--- START ---
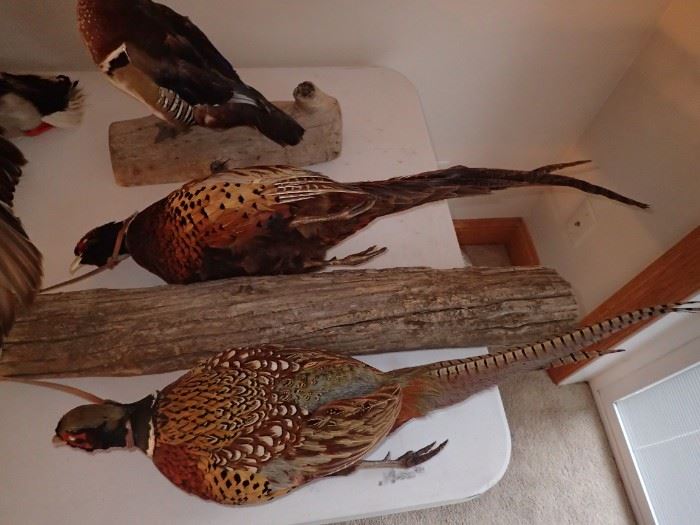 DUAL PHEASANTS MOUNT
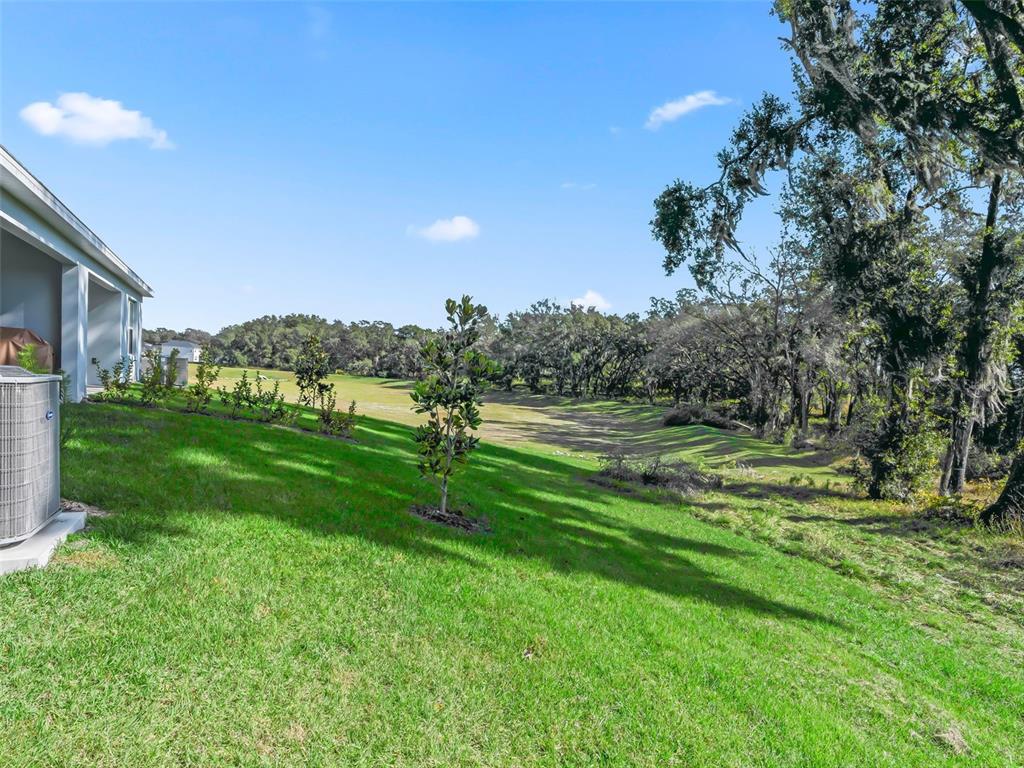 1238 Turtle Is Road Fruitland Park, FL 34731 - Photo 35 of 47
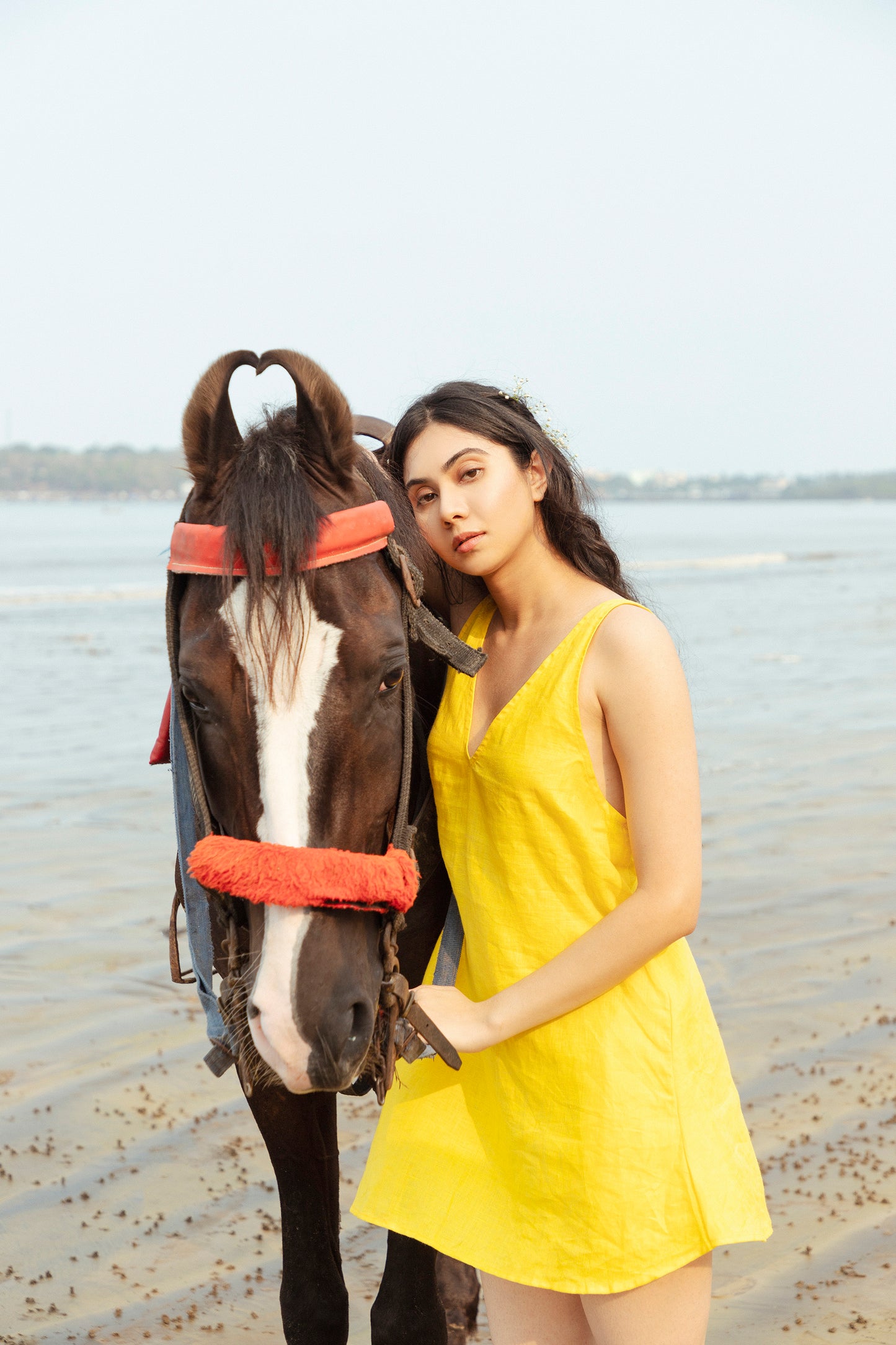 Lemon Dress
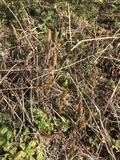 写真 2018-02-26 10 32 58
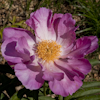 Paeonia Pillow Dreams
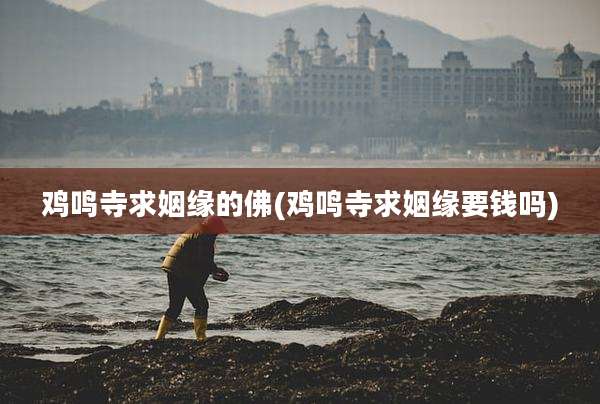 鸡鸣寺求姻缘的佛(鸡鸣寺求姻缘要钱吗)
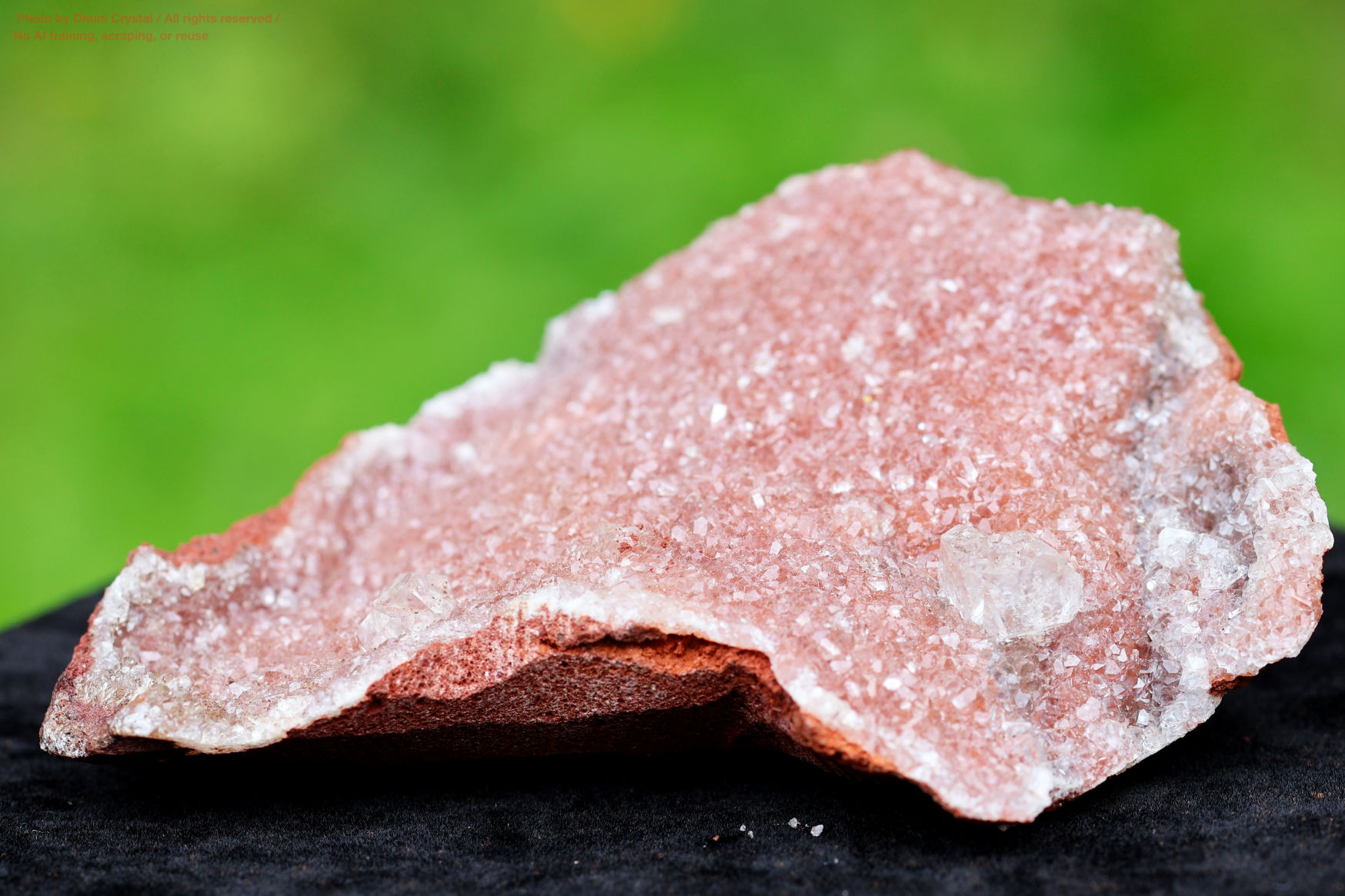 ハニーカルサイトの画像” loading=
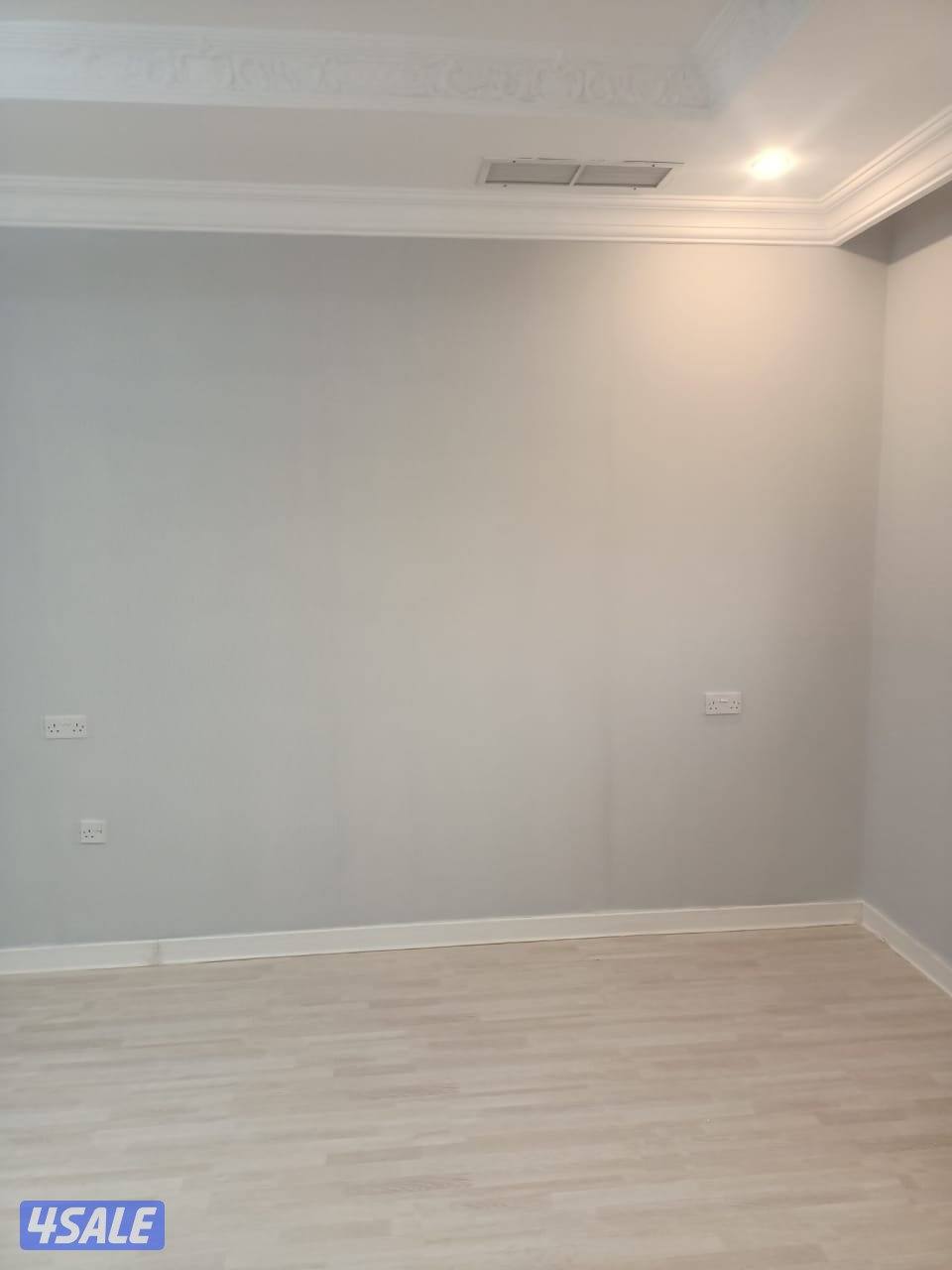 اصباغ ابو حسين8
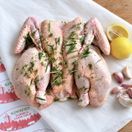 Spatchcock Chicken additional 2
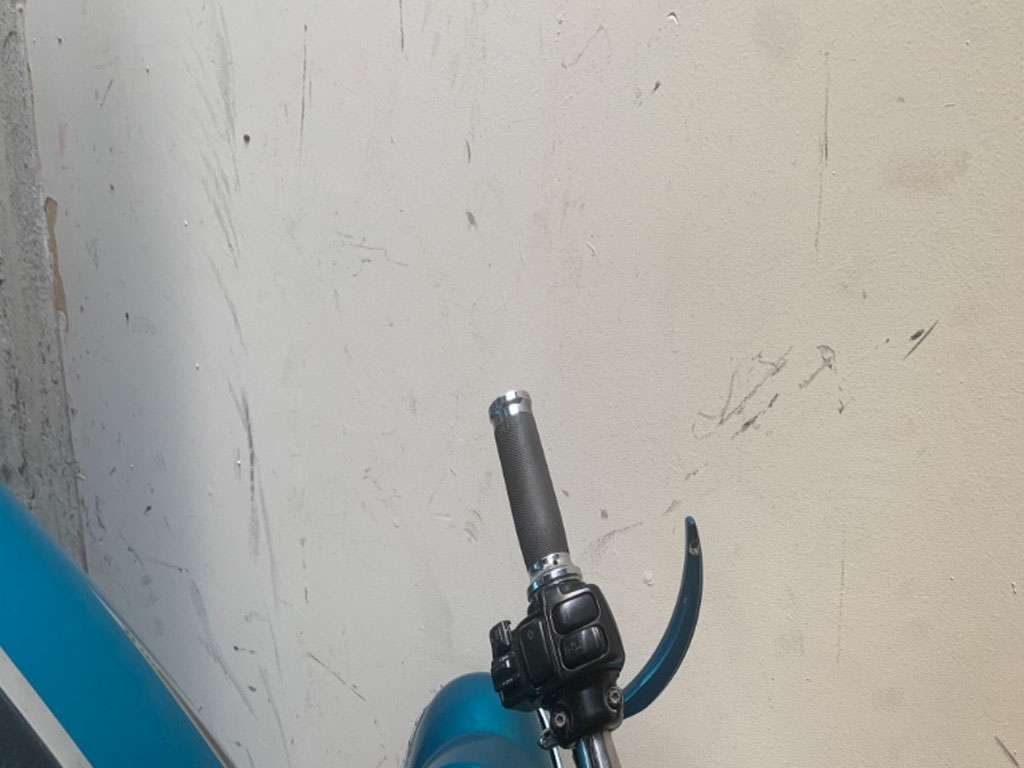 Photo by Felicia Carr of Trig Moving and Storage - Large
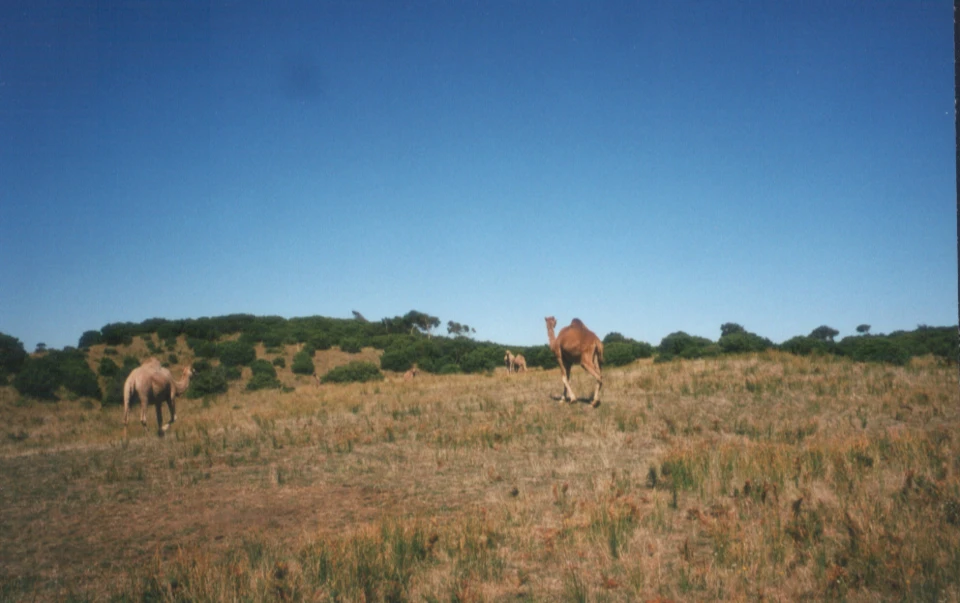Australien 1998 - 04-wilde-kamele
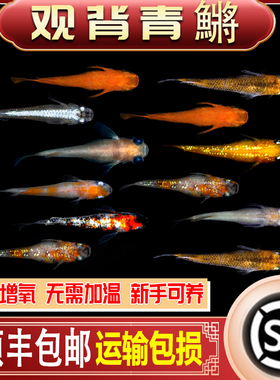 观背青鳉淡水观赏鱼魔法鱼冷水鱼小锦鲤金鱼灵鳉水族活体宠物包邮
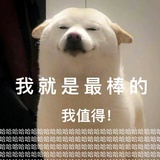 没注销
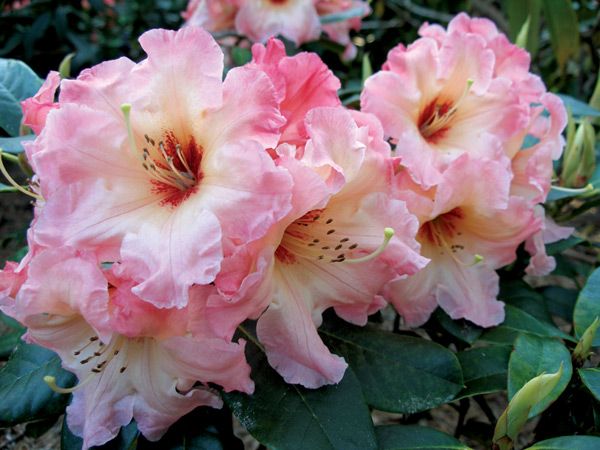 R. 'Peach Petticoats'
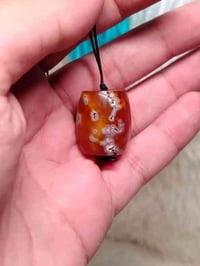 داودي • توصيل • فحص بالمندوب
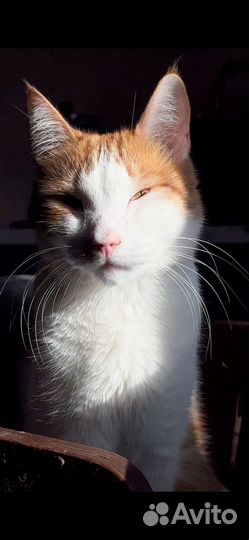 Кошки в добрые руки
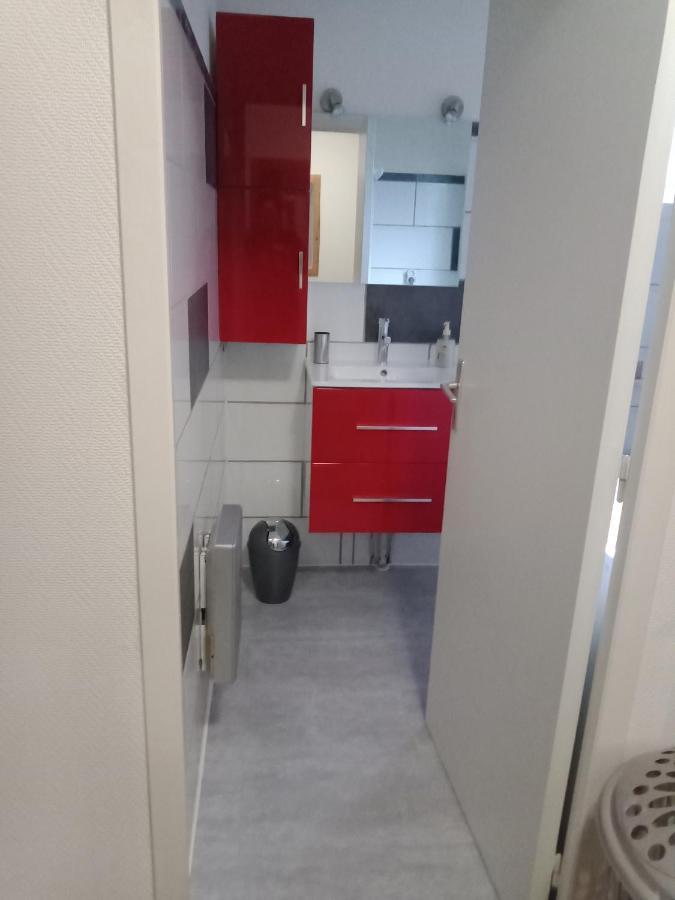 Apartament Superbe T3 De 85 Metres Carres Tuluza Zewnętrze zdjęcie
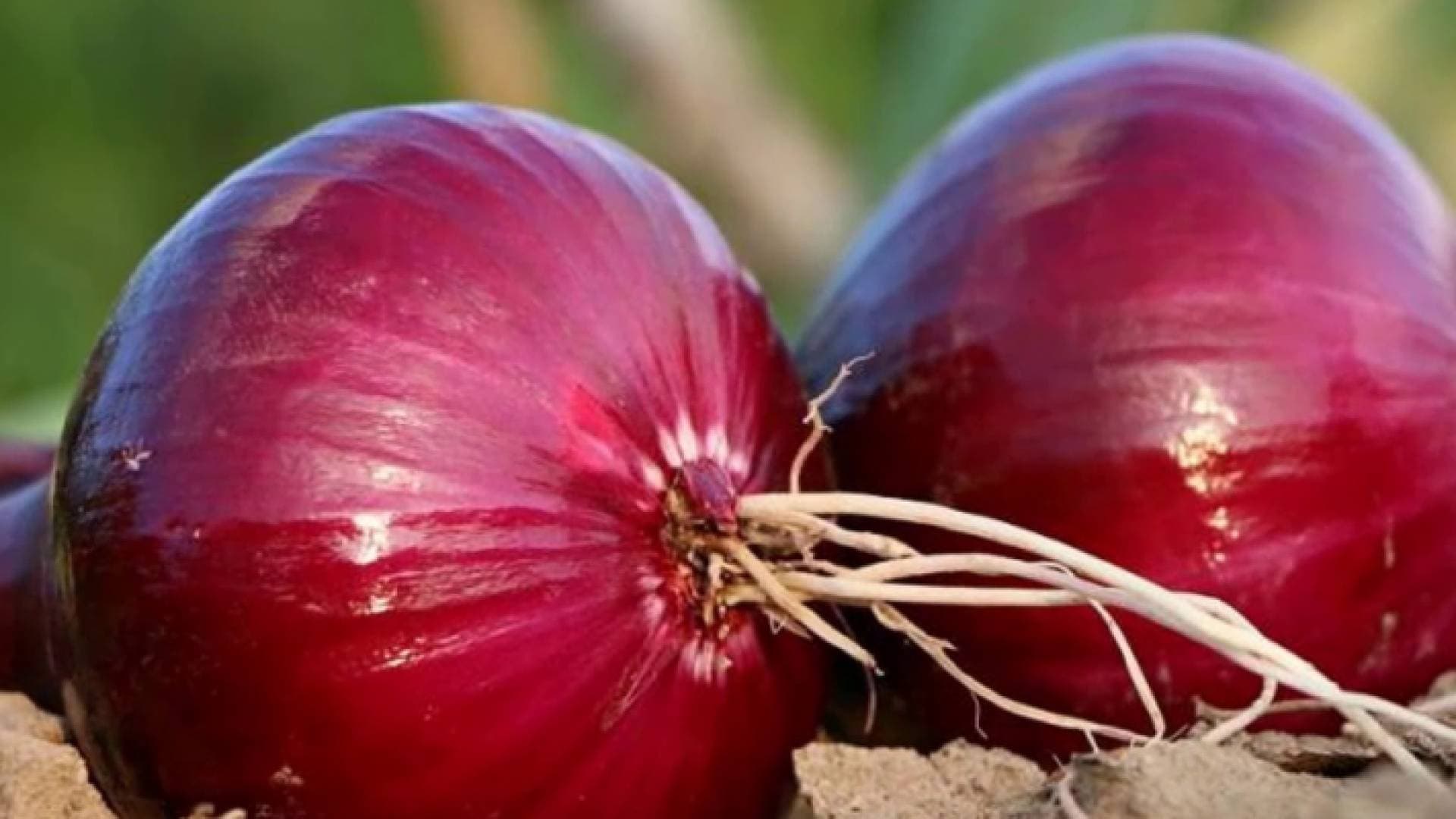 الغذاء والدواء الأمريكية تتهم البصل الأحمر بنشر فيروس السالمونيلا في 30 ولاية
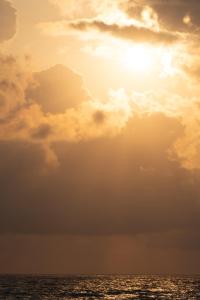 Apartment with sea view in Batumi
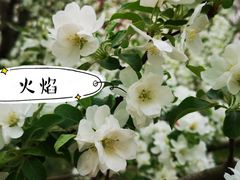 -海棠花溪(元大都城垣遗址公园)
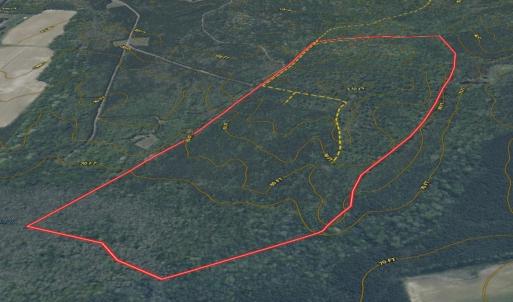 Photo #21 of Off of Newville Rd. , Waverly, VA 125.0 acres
--- END ---
▶ **Task description**
Please copy the lines above, starting at the one that holds "Photo by Felicia" and stopping after the last line, exactly as they appear and minus the pictures.

▶ **Expected output**
 Photo by Felicia Carr of Trig Moving and Storage - Large
Australien 1998 - 04-wilde-kamele
 观背青鳉淡水观赏鱼魔法鱼冷水鱼小锦鲤金鱼灵鳉水族活体宠物包邮
 没注销
 R. 'Peach Petticoats'
 داودي • توصيل • فحص بالمندوب
 Кошки в добрые руки
 Apartament Superbe T3 De 85 Metres Carres Tuluza Zewnętrze zdjęcie
 الغذاء والدواء الأمريكية تتهم البصل الأحمر بنشر فيروس السالمونيلا في 30 ولاية
 Apartment with sea view in Batumi
 -海棠花溪(元大都城垣遗址公园)
 Photo #21 of Off of Newville Rd. , Waverly, VA 125.0 acres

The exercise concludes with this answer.